Throughout Malaysia, one of the most widespread economical meal is Hainan Chicken Rice.
The Hainanese are also famous for Steamboat, an Oriental version of the Swiss Fondue or Japanese Shabu-Shabu. Thin slices of raw meat, seafood and vegetables are cooked at the table in a pot of soup broth heated by hot charcoals. Nowadays 'electric Steamboats' are more the norm especially in restaurants.
Teochew food
Teochew food
Teochew food, from the area around Swatow in China, is another style noted for it's delicate and at the same time robust flavors.
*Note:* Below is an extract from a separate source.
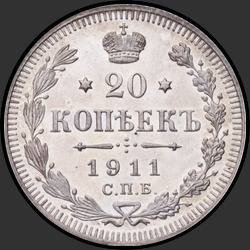 реверс 20 kopecks 1911 "20 копеек 1911"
This cuisine is famous for it's seafood as well as it's Congee (rice porridge).
Teochew Congee is a simple meal; a bowl of rice porridge is served with a medley of small appetizing side dishes, to pick and choose from.
The most popular Chinese hawker dish is Char kue Teow; flat rice noodles fried with fresh shrimp, cockles, bean sprouts, egg, and chives made hot to taste with a smoky chili paste.
Hakka dishes are also easily found in food centers.
The best known Hakka dish is the Yong Tau Foo. Soy Bean cakes tofu, bitter gourd, whole red chilies and various other vegetables are stuffed with a fish or seafood paste, then steamed or boiled in a broth and served with a chili dipping sauce.
Other special Chinese Cuisine
Moon cakes are a must during the Mid Autumn or Mooncake Festival, when the moon is at it's brightest all year. Rich and sweet, these special celebratory cakes are made with various fillings of sweet red bean paste, white lotus seeds, lotus seed paste and a whole egg yolk, symbolizing the full moon.
In Malaysia, there are countless Chinese restaurants, hawker stalls and Chinese coffee shops "Kopitiams". Kopitiam typically serve customers coffee and other hot or cold beverages. Independent hawker stalls operate in the same way, offering customers a myriad of culinary delights. There are upscale Chinese restaurants offering Chinese specialties and delicacies.
So, what are you waiting for people? shiek fan, lai lai!